When the guilty verdict was delivered, a packed courtroom erupted into an uproar. According to one person in the audience, Cecily's supporters:

were immediately suppressed by the police and threatened with arrest for contempt of court. Police physically forced all present into the hallway and demanded they move on, corralling more vocal supporters into the hallway corners and forcing the rest to move into the elevators and out of the building. Outside the courthouse, we gathered to debrief and discuss next steps. Police were positioned outside to keep an eye on the crowd. I heard a cop tell one supporter--an army veteran who served in Bosnia--to "get a fucking job."


THE VERDICT against Cecily McMillan is only the most recent and dramatic of reprisals against Occupy activists, including the coordinated suppression of Occupy protests that was ordered in most cities by Democratic mayors. McMillan, arrested with 73 others on the movement's six-month anniversary, counts as just one of the 7,765 total Occupy activists arrested since the launch of the movement on September 17, 2011--though the vast majority of those arrested ultimately had their charges thrown out.

The officer who Cecily says assaulted her, Grantley Bovel, also faces a lawsuit by another Occupy activist, Austin Guest, who was arrested on the same night as Cecily. Guest claims that after having been arrested, Bovel dragged him down the aisle of an NYPD bus, purposely slamming his head into each of the seats on the way down.

Unsurprisingly, Bovel's history of police violence doesn't end with Occupy. He was also implicated in a 2010 incident where he and his partner, in an unmarked squad car, allegedly ran down a 17-year old boy on a bike, resulting in serious head injuries for the adolescent. In another 2010 incident, Bovel was filmed in a Bronx bodega kicking a suspect lying on the ground.

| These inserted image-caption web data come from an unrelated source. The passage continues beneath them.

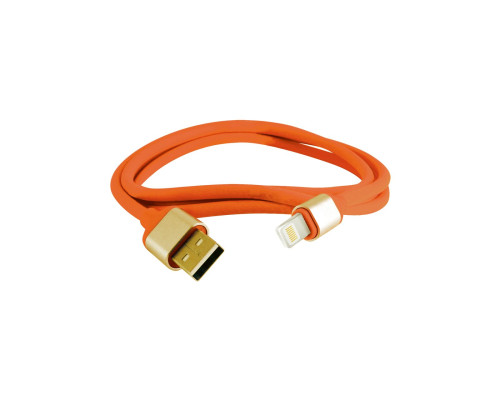 Дата-кабель, ДК 15, USB - Lightning, 1 м, силиконовая оплетка, оранжевый, TDM | арт.SQ1810-0315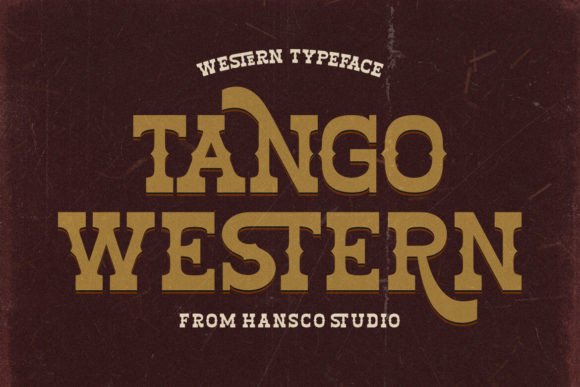 Tango Western Font - Featured Image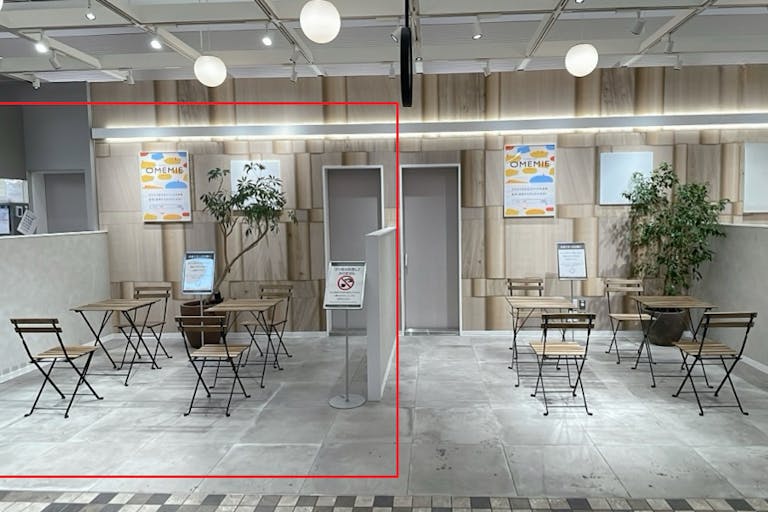 赤枠が本区画となります・右側のカレンダリウムF03とあわせてご利用いただけます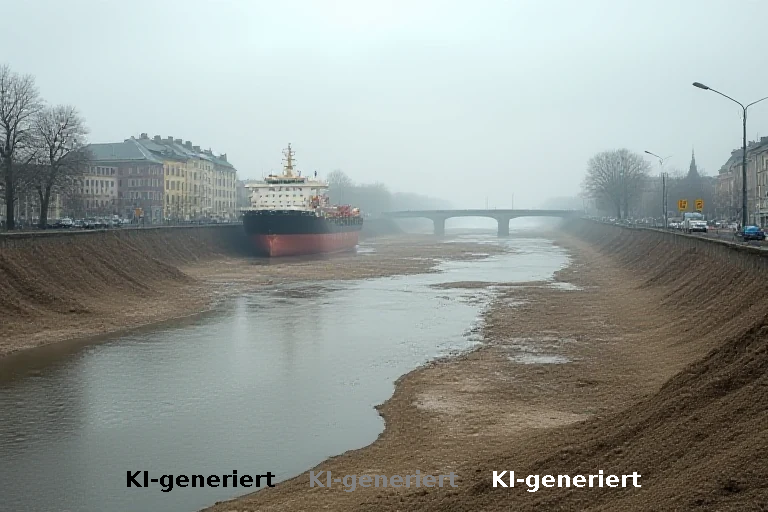 Rheinpegel klettern minimal: Keine Rettung für die Binnenschifffahrt in Sicht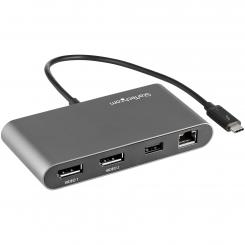 StarTech.com Mini Dock Thunderbolt 3 - Docking Station Portátil para 2 Monitores con DP 4K 60Hz, 1x Hub USB-A (USB 3.0/5 Gbps), GbE - Cable de 28cm - Adaptador Multipuertos TB3 - Mac/Windows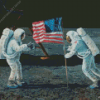 Apollo 11 Moon Landing Diamond Painting Art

Astonishingly, the judge presiding over Cecily McMillan's trial found these incidents of violence to be irrelevant to the case and would not allow them to be presented. The only aspect of Bovel's history allowed to be presented in court was his involvement in a 2011 ticket-fixing scandal in the Bronx.

Bovel's sordid history of police violence shows the connection between the repression of Occupy and the daily police violence and humiliation experienced by people of color in New York City and beyond. As Sarah Jaffe pointed out in an article in In These Times, despite reforms limiting the use of stop-and-frisk in New York, it is still a daily reality for people of color in neighborhoods across the city. The hopes of many that new Democratic Mayor Bill de Blasio would end these practices were dashed when he nominated William Bratton, the architect of stop-and-frisk and New York's so-called "broken windows" policy, as police commissioner.

As Michelle Alexander points out in her book The New Jim Crow, very few stop-and-frisk cases make it to court to be heard by a jury, as defendants are pressured to make plea deals in order to avoid lengthy prison sentences. In Cecily McMillan's case, she was offered a plea bargain that would have allowed her to plead guilty to assault in order to avoid jail time--but she refused to accept it.

Cecily's courage was no doubt a huge factor in her willingness and ability to fight her case. It's important to take note that having a movement like Occupy to back her up and draw out a strong support team was decisive in helping to do this. While this may not have been sufficient to win in court, the support of activists and others dedicated to her case will be necessary to build a movement to prevent her from being sent to prison.

The case will certainly be appealed, and the Justice for Cecily team will be organizing a campaign to win back her freedom. This has already begun with a rally and vigil held in Zuccotti Park on the evening of the verdict. It will take the sustained efforts of activists who are in solidarity with Cecily and the goals of Occupy to build the political pressure we need to win justice.